Capital Region

School districts still working out lead fixes

Progress varies between schools, districts
This drinking fountain covered with plastic was photographed in a hallway at Schenectady High School on Tuesday.
PHOTOGRAPHER:
This drinking fountain covered with plastic was photographed in a hallway at Schenectady High School on Tuesday.

Over a year after school districts tested the lead-concentration levels of school water sources, some districts are still fixing fountains or permanently removing them from use.

After dozens of water sources tested above state standards – a mirror of federal EPA limits – at schools across the region, officials shut off access to contaminated sources and offered students access to bottled water.

In the year since the results came in, districts have replaced faucets, pipes and entire drinking fountains. They have placed “non-drinking” signs above sinks in science labs and bathrooms and have removed entire fountains that were deemed not worth fixing.

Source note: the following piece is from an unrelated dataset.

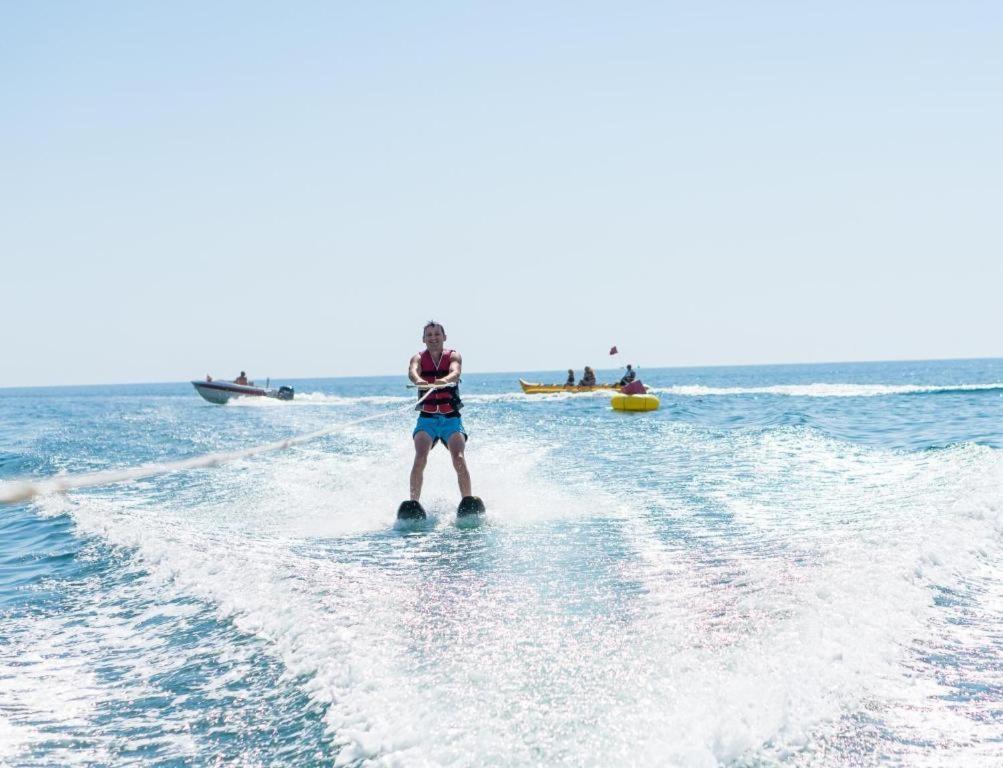 City Stay Beach Hotel Apartments - Marjan Island Resü'l-Hayme Dış mekan fotoğraf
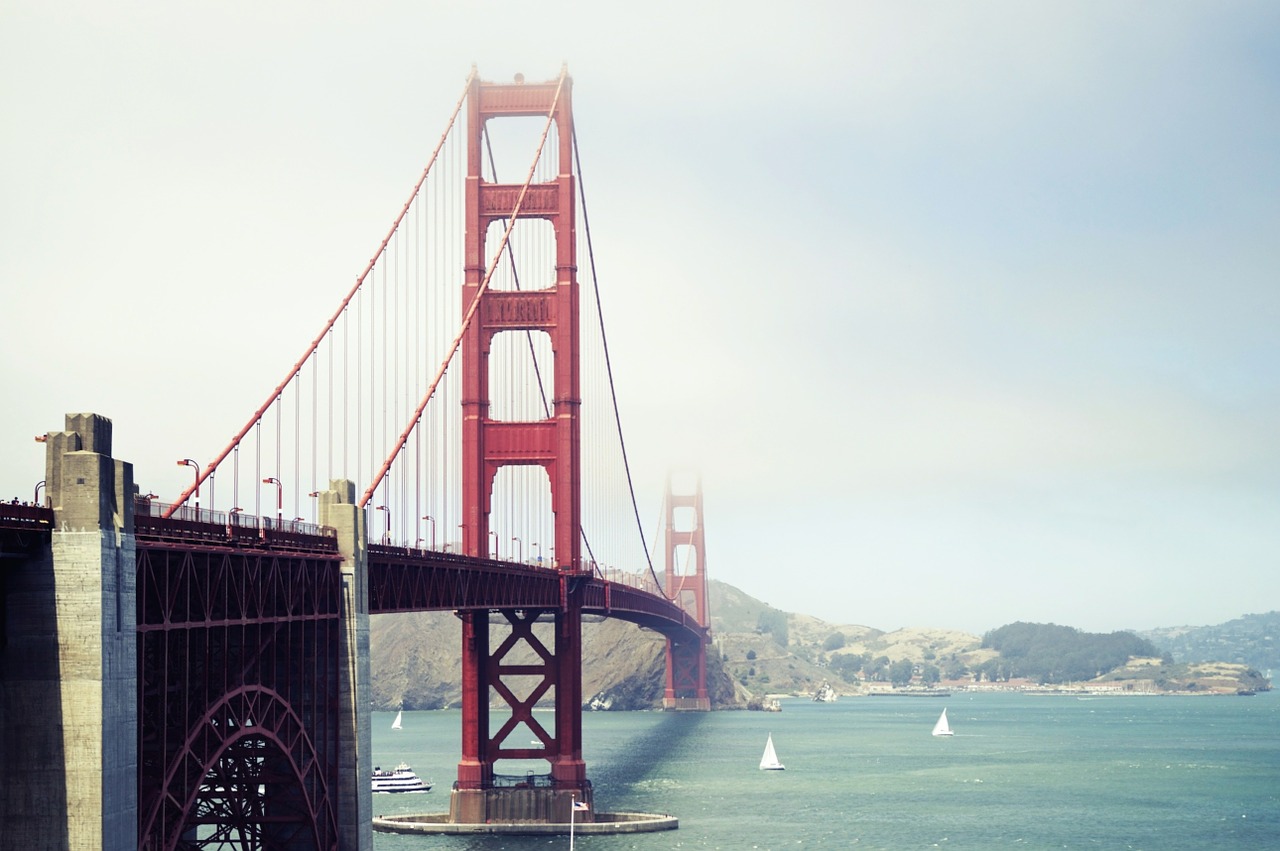 Image - golden gate bridge san francisco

“We replaced a lot of things over the summer to get clean readings,” Scotia-Glenville spokesman Bob Hanlon said Tuesday.

The district, which had over 170 water sources test above limits, removed one drinking fountain entirely and gradually repaired or shut off access to the other sources that didn’t meet targets.

On Wednesday morning, the district received word that their final two water sources registered lead levels within the state standards, kitchen sinks at Sacandaga and Glendaal elementary schools, Hanlon said.

In Schenectady schools, where just 10 elementary school water samples came in above the EPA limits, all fountains and sinks in elementary schools have been fixed, re-tested and are back in use, Superintendent Larry Spring said.

But the district is still working to replace the faucets and piping on dozens of water sources at four schools: Schenectady High School, Mont Pleasant Middle School, Steinmetz Academy and Washington Irving.

At the high school, over 80 water sources still need to be repaired before they can be used for drinking. Some of those water sources, like bathrooms sinks or in science labs, aren’t used for drinking. But they will ultimately be repaired, Spring said. At Mont Pleasant, around 20 outlets need to be repaired; there are another 20 sinks combined that still need to be repaired at Steinmetz and Washington Irving.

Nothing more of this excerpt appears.